Output only the lines that run from the line holding "Fleece-Cotton Blended Tweed-Like" to the end of the data below, including both ends, without any pictures.
↓
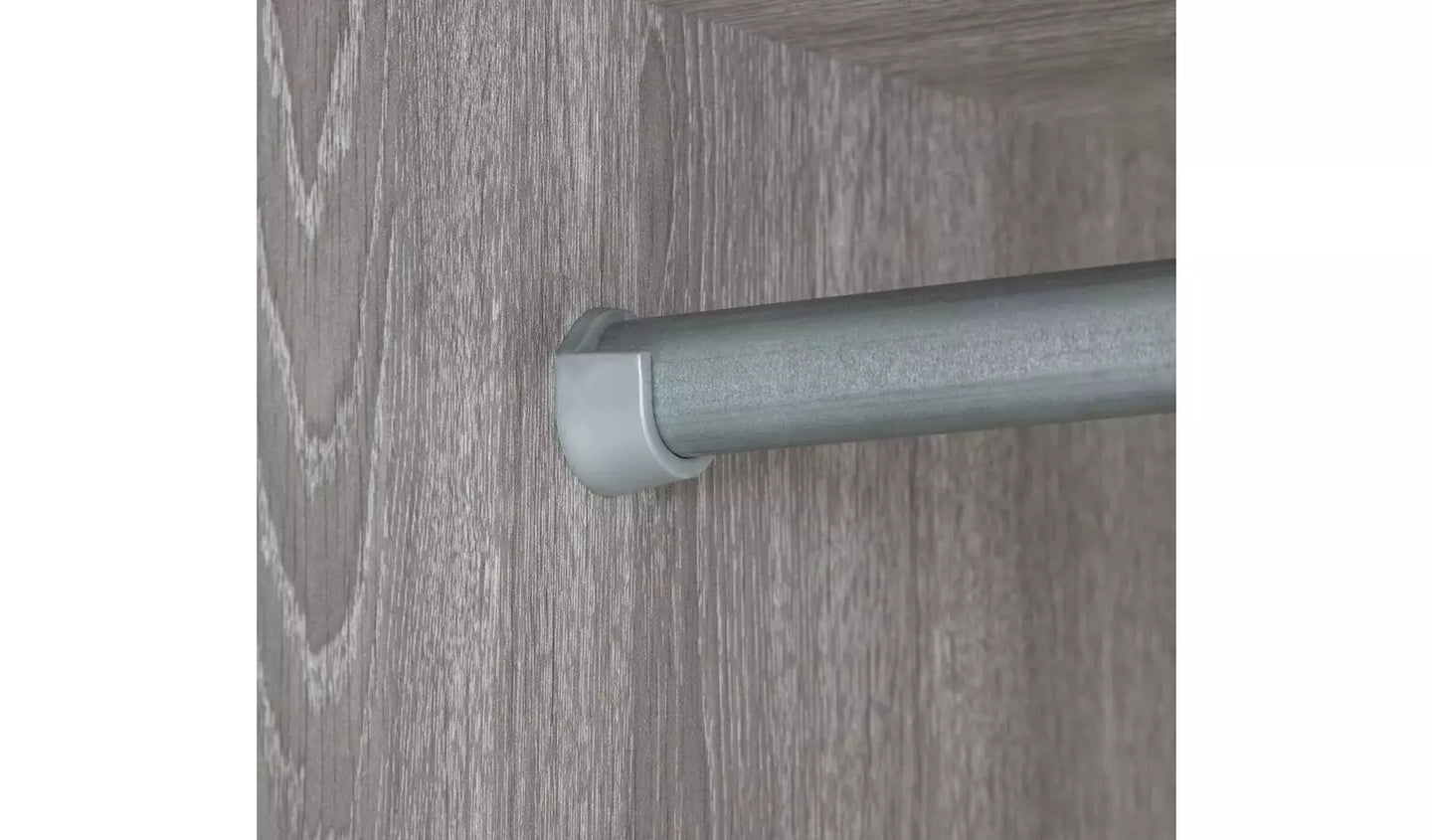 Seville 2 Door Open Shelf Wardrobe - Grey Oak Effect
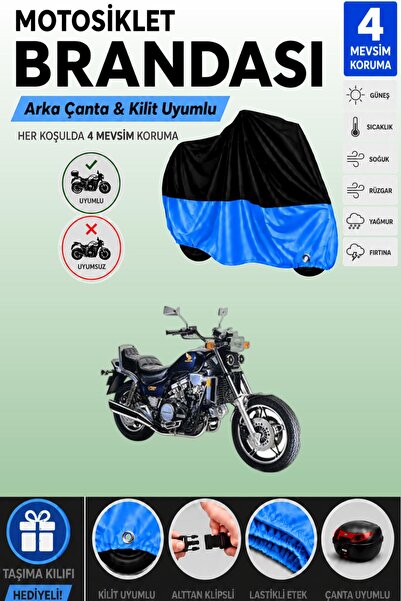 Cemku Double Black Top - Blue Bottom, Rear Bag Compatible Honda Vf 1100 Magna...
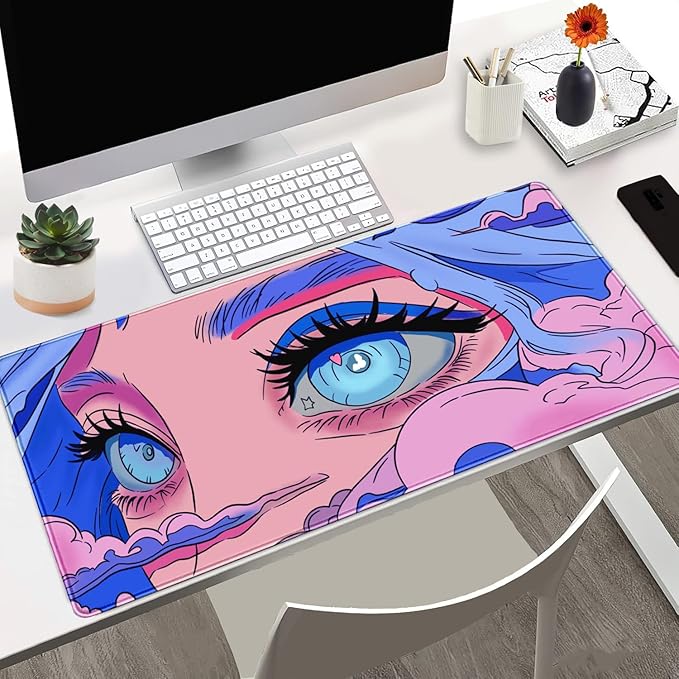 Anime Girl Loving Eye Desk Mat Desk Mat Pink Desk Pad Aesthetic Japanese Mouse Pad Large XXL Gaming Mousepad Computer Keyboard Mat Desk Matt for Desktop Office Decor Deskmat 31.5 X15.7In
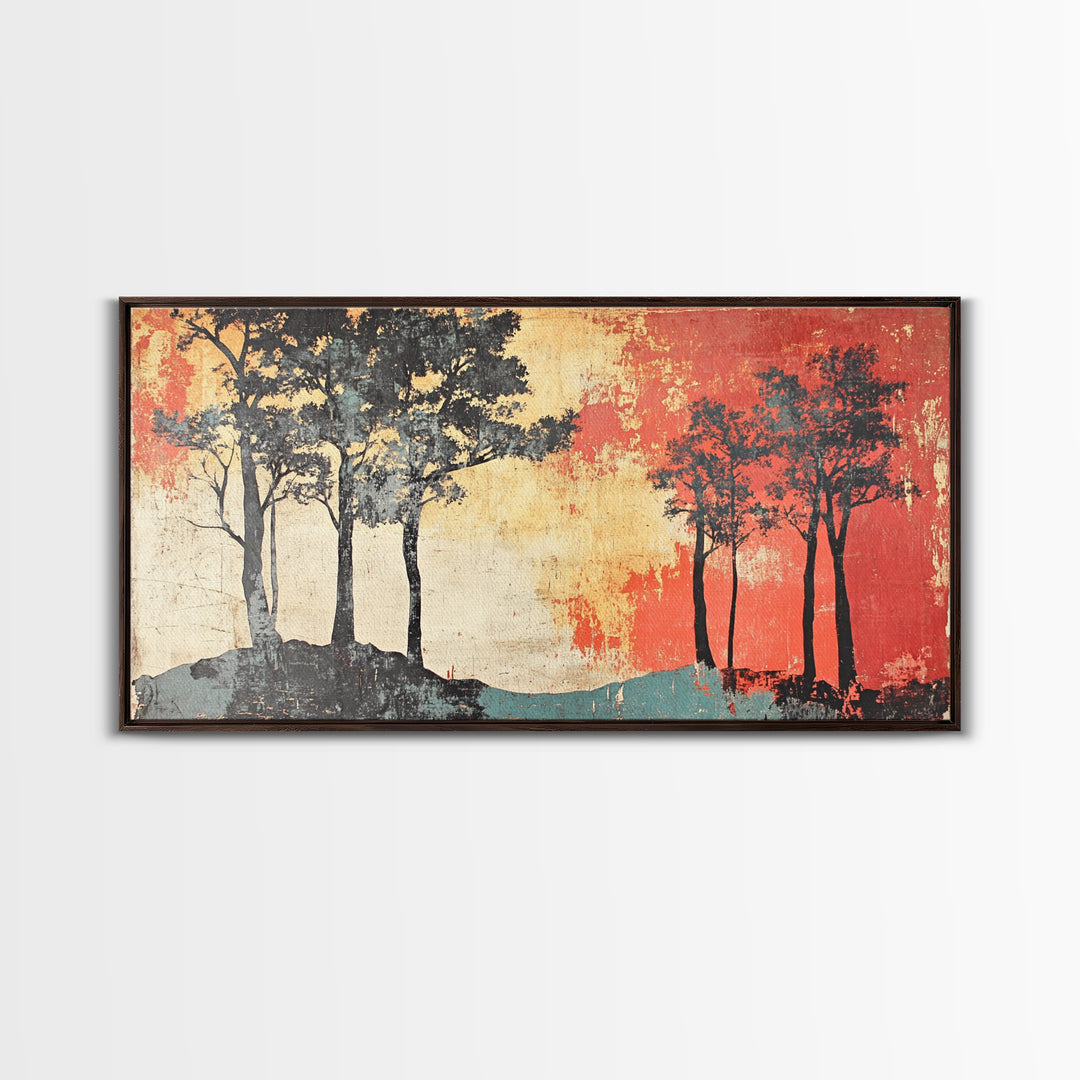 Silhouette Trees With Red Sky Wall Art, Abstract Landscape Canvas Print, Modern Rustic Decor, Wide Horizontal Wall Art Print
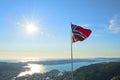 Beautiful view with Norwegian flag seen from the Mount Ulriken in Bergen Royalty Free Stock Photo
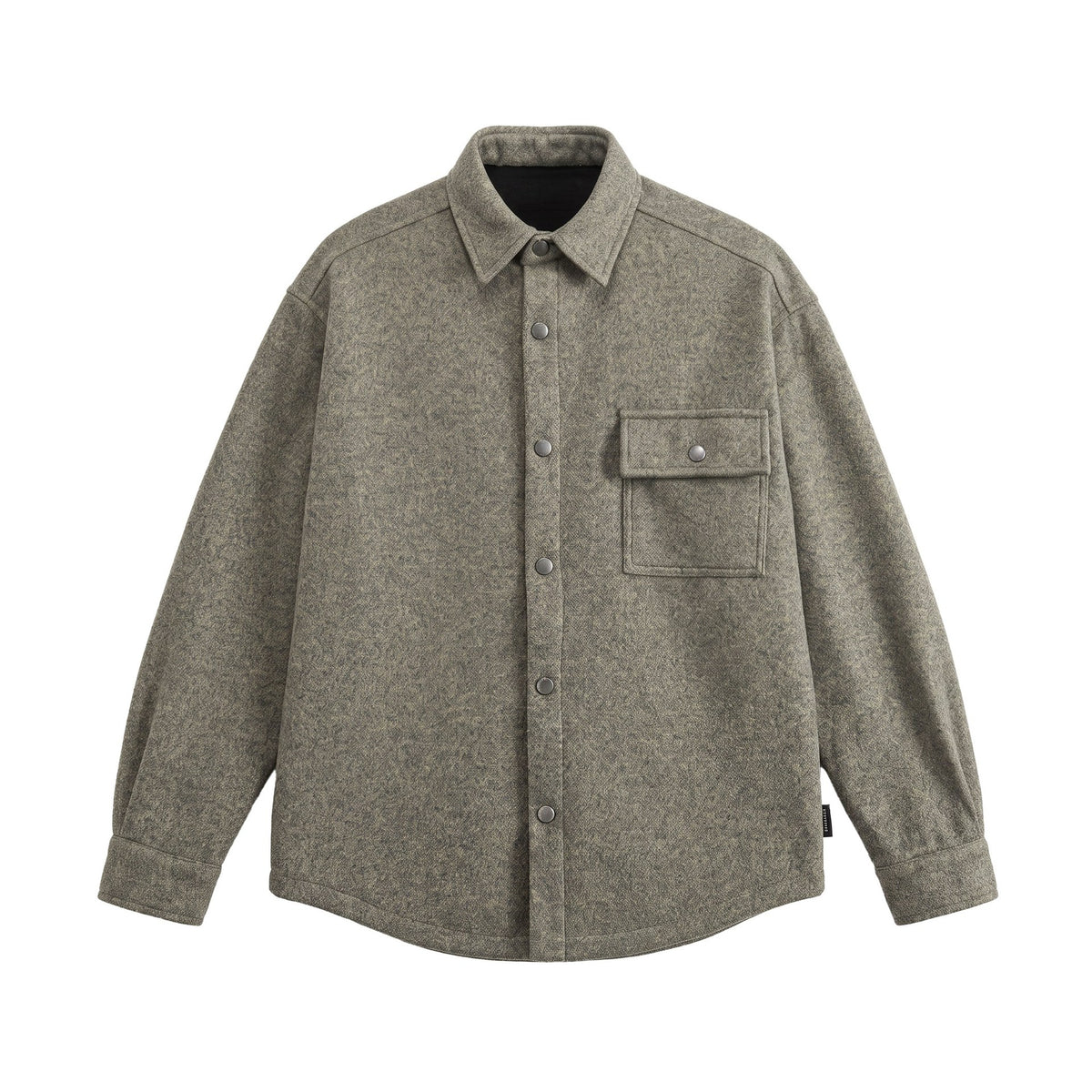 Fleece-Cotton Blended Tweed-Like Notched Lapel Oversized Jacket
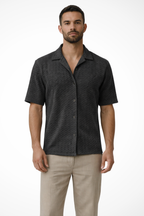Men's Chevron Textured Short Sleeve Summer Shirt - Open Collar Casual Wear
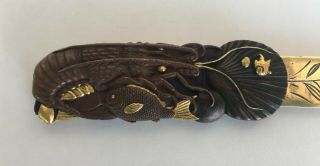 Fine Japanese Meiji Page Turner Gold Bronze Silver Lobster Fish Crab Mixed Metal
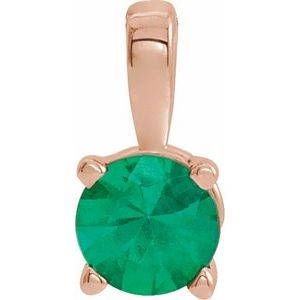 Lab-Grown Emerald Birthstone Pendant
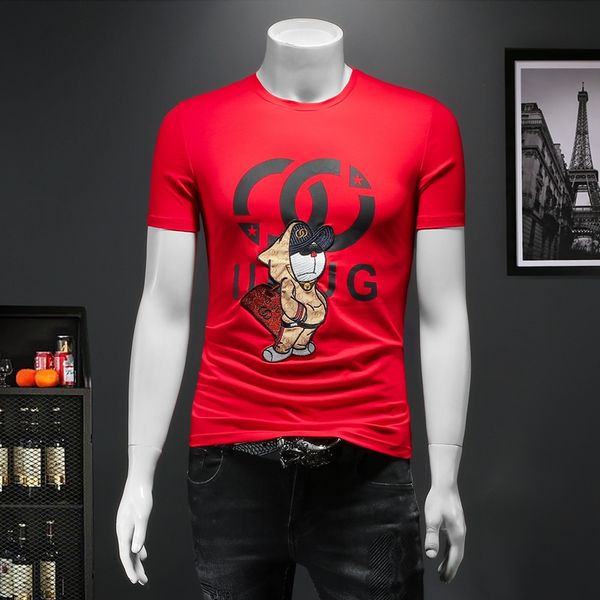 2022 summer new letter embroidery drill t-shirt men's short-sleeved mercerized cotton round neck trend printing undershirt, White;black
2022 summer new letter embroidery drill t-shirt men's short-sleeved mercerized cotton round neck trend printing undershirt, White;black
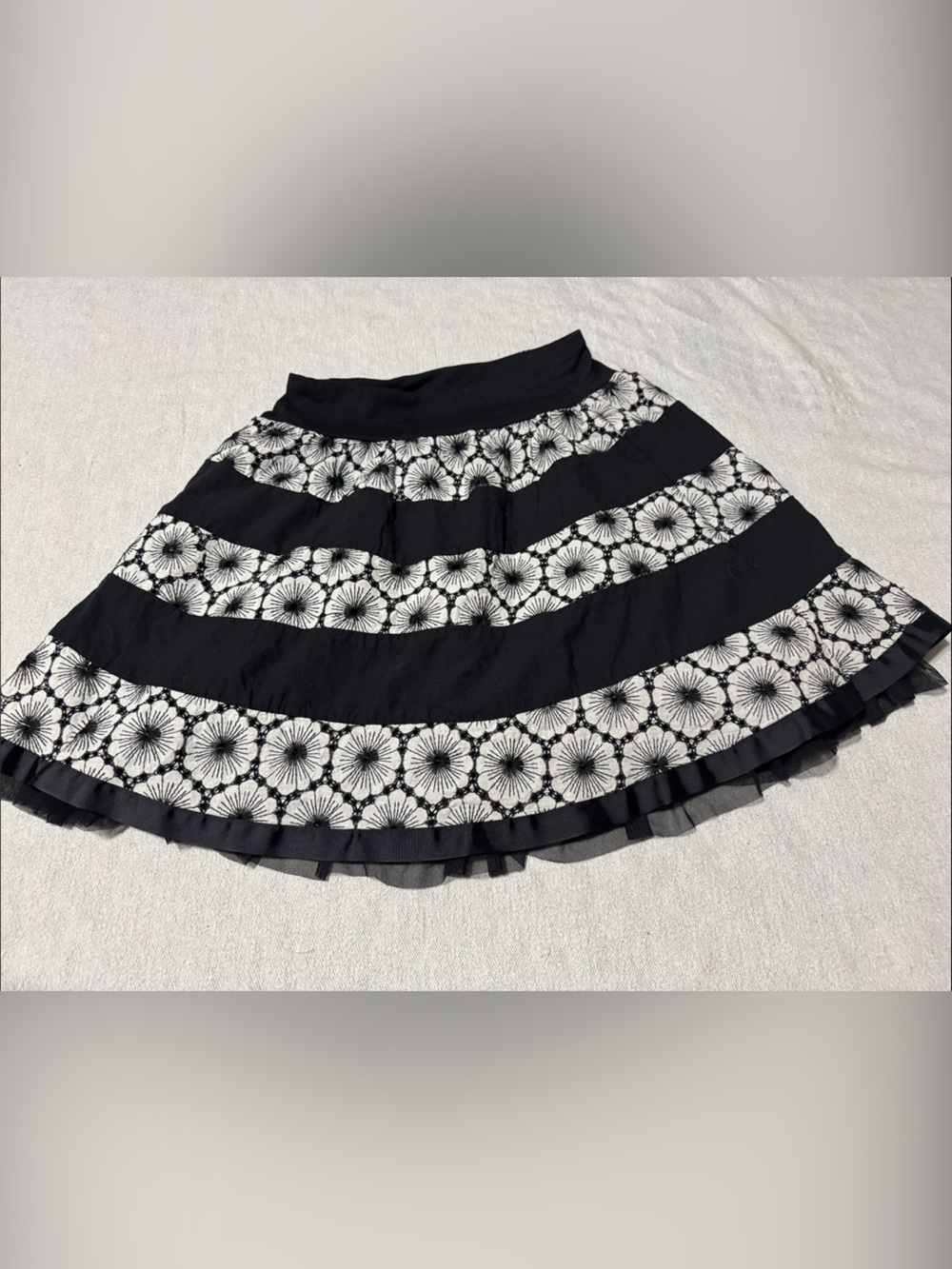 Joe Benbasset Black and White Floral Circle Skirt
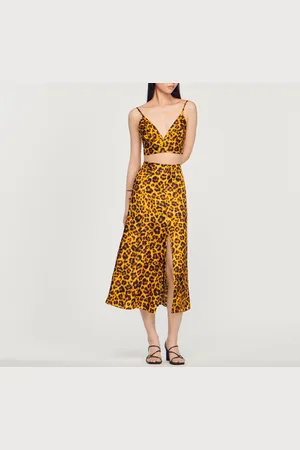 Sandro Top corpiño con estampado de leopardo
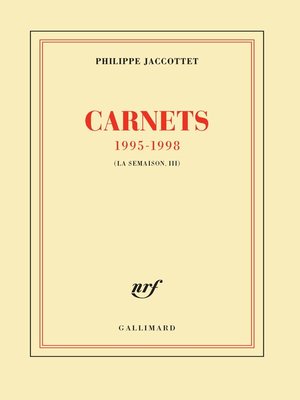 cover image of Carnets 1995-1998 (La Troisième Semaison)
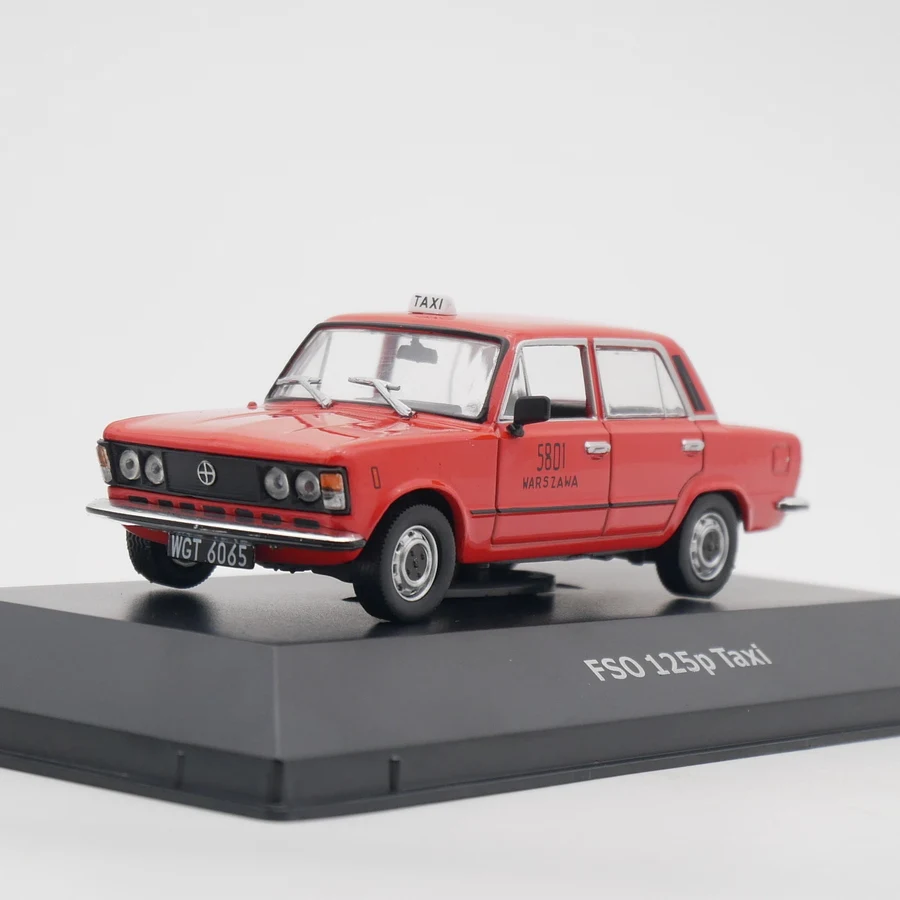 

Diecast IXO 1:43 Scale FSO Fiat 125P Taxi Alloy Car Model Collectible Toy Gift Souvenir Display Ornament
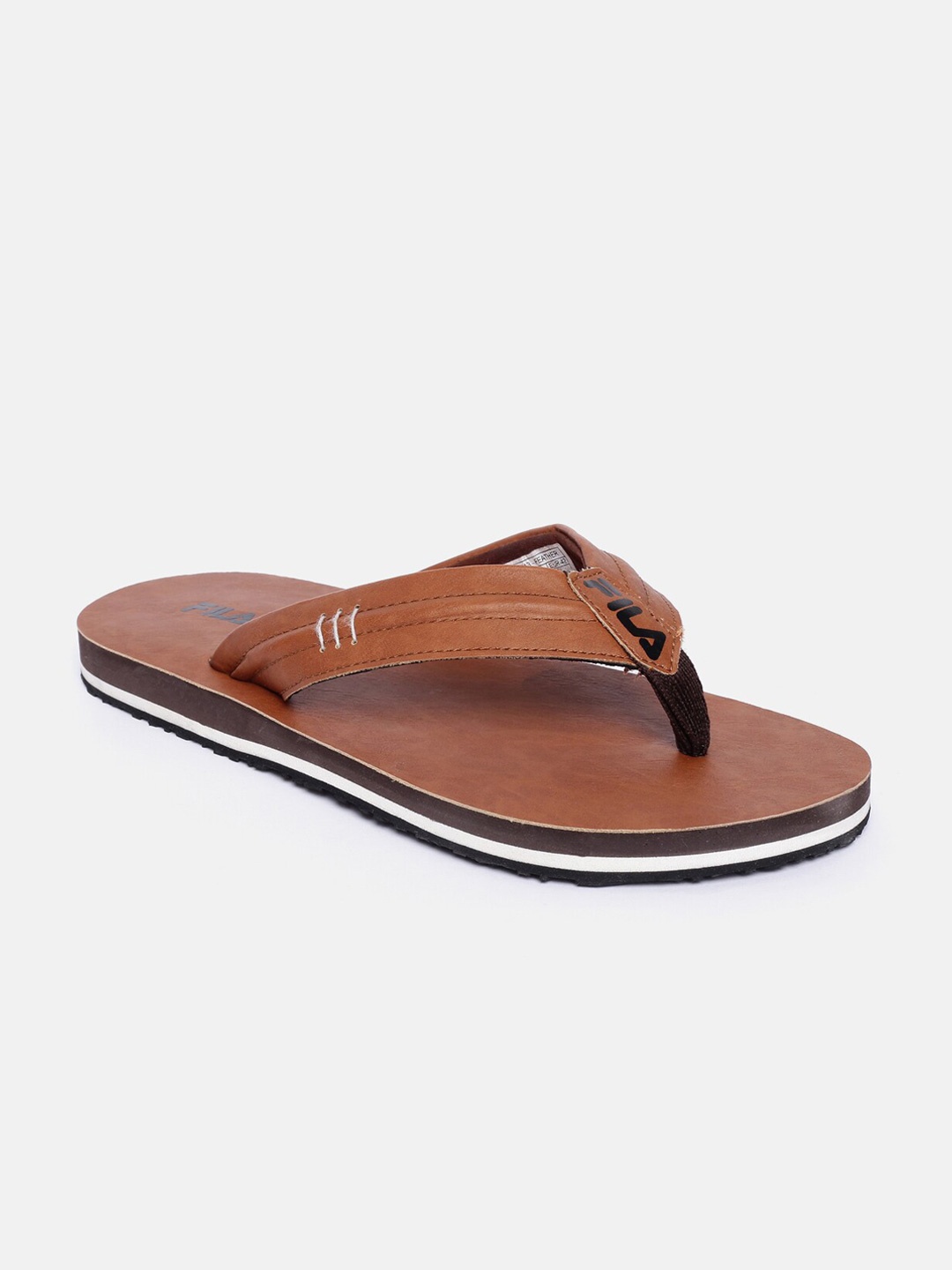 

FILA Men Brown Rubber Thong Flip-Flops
↑
§ **Answer area**:
 Fleece-Cotton Blended Tweed-Like Notched Lapel Oversized Jacket
Men's Chevron Textured Short Sleeve Summer Shirt - Open Collar Casual Wear
 Fine Japanese Meiji Page Turner Gold Bronze Silver Lobster Fish Crab Mixed Metal
 Lab-Grown Emerald Birthstone Pendant
 2022 summer new letter embroidery drill t-shirt men's short-sleeved mercerized cotton round neck trend printing undershirt, White;black
2022 summer new letter embroidery drill t-shirt men's short-sleeved mercerized cotton round neck trend printing undershirt, White;black
 Joe Benbasset Black and White Floral Circle Skirt
 Sandro Top corpiño con estampado de leopardo
 cover image of Carnets 1995-1998 (La Troisième Semaison)

Diecast IXO 1:43 Scale FSO Fiat 125P Taxi Alloy Car Model Collectible Toy Gift Souvenir Display Ornament

FILA Men Brown Rubber Thong Flip-Flops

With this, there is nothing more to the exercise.